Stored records
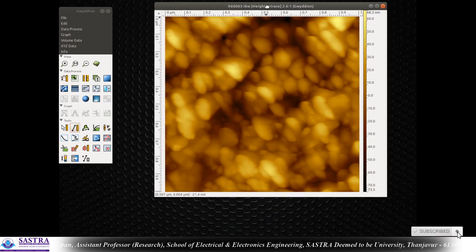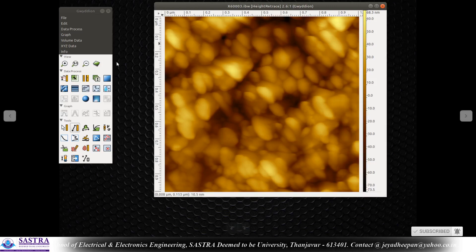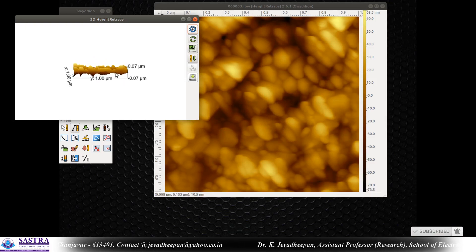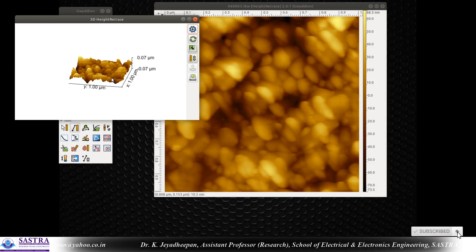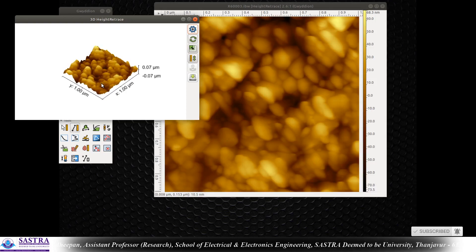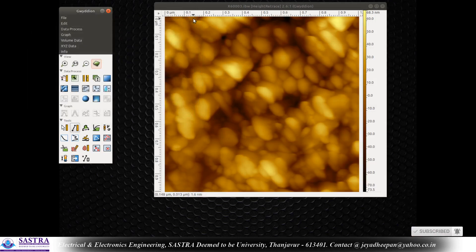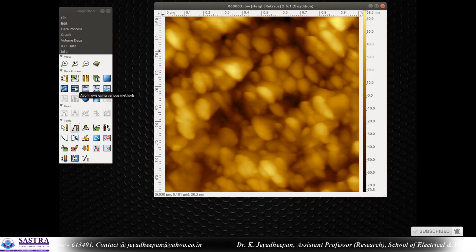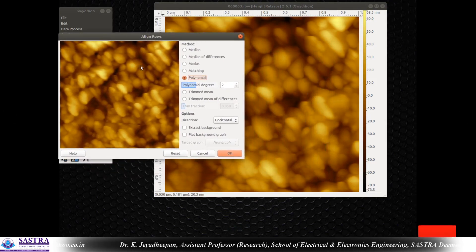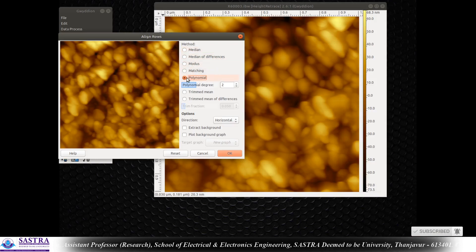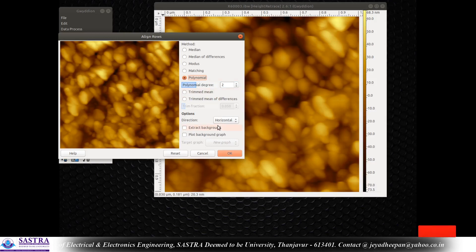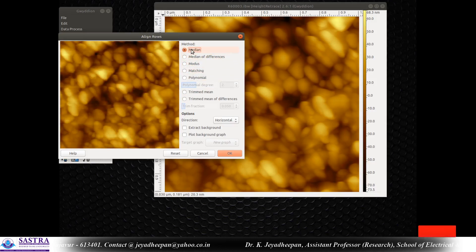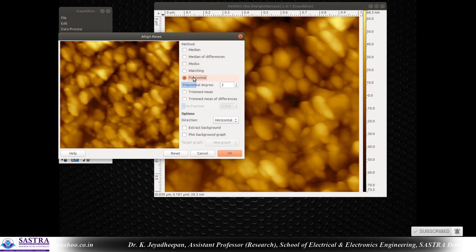First thing is we have to process the data. Sometimes if you see it as a 3D view, the data will not be in a plane — sometimes there will be a hump-like structure or a slope-like background structure. You have to correct the background. To do that, press the icon 'align rows using various methods.' You can select any of the methods — matching, median, differences — I'm taking the polynomial function as a method.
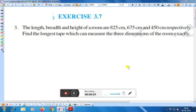Hello friends, today we shall discuss exercise 3.7 question number 3. The length, breadth, and height of a room are 825 cm, 675 cm, and 450 cm respectively. Find the longest tape which can measure the three dimensions of the room exactly.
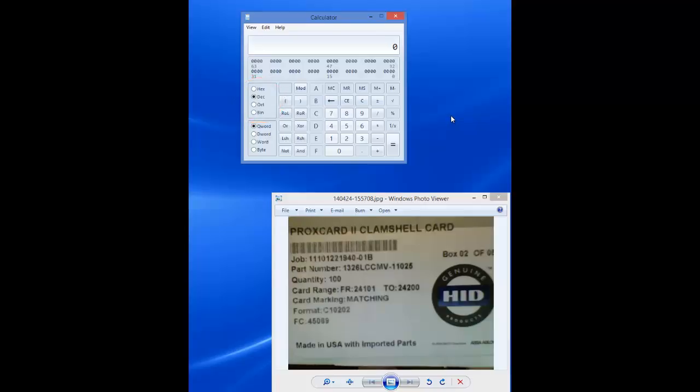By default, decimal is selected. While in decimal mode, type in the facility code on the label, which is 45089.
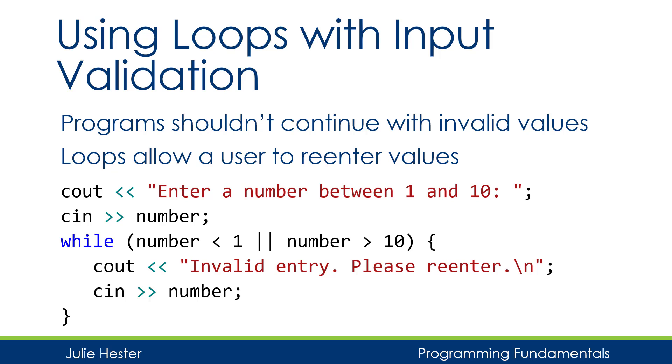If it's still invalid, then once again I'll prompt the user to re-enter, and I'll continue to do that until the user enters a valid number. So let's see this in a working program.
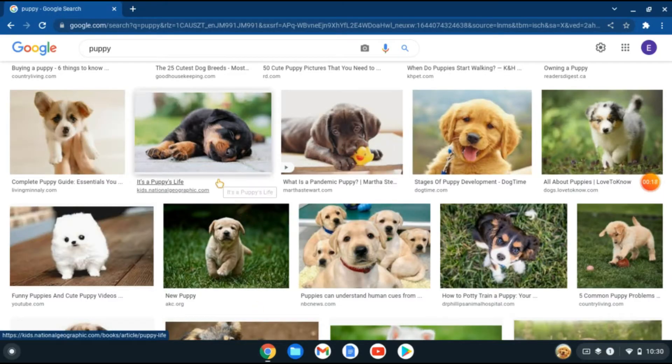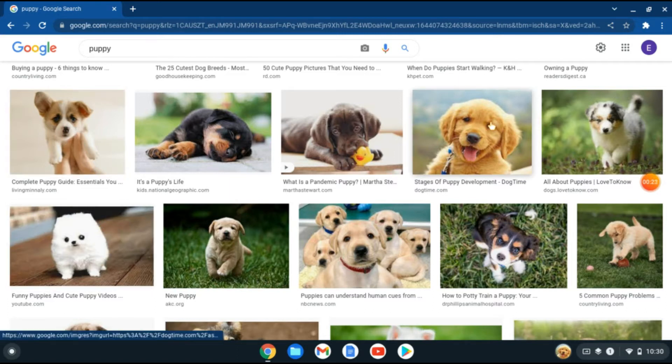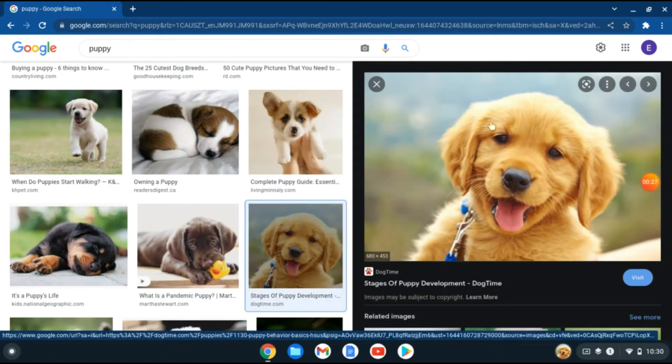I want to download this picture of this puppy right here. Or better, this one. I'll tap on the photo. Now to download the photo without right-click, you'll need to use two fingers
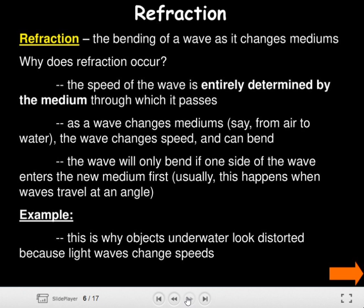Refraction is the bending of a wave as it changes mediums. Why does refraction occur? The speed of a wave is entirely determined by the medium through which it passes. As a wave changes medium — say from air to water — the wave changes speed and can bend.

#### Task directions
When you repeat the data, keep it exact and drop every picture.

#### Task answer
First thing is we have to process the data. Sometimes if you see it as a 3D view, the data will not be in a plane — sometimes there will be a hump-like structure or a slope-like background structure. You have to correct the background. To do that, press the icon 'align rows using various methods.' You can select any of the methods — matching, median, differences — I'm taking the polynomial function as a method.
Hello friends, today we shall discuss exercise 3.7 question number 3. The length, breadth, and height of a room are 825 cm, 675 cm, and 450 cm respectively. Find the longest tape which can measure the three dimensions of the room exactly.
By default, decimal is selected. While in decimal mode, type in the facility code on the label, which is 45089.
If it's still invalid, then once again I'll prompt the user to re-enter, and I'll continue to do that until the user enters a valid number. So let's see this in a working program.
I want to download this picture of this puppy right here. Or better, this one. I'll tap on the photo. Now to download the photo without right-click, you'll need to use two fingers
Refraction is the bending of a wave as it changes mediums. Why does refraction occur? The speed of a wave is entirely determined by the medium through which it passes. As a wave changes medium — say from air to water — the wave changes speed and can bend.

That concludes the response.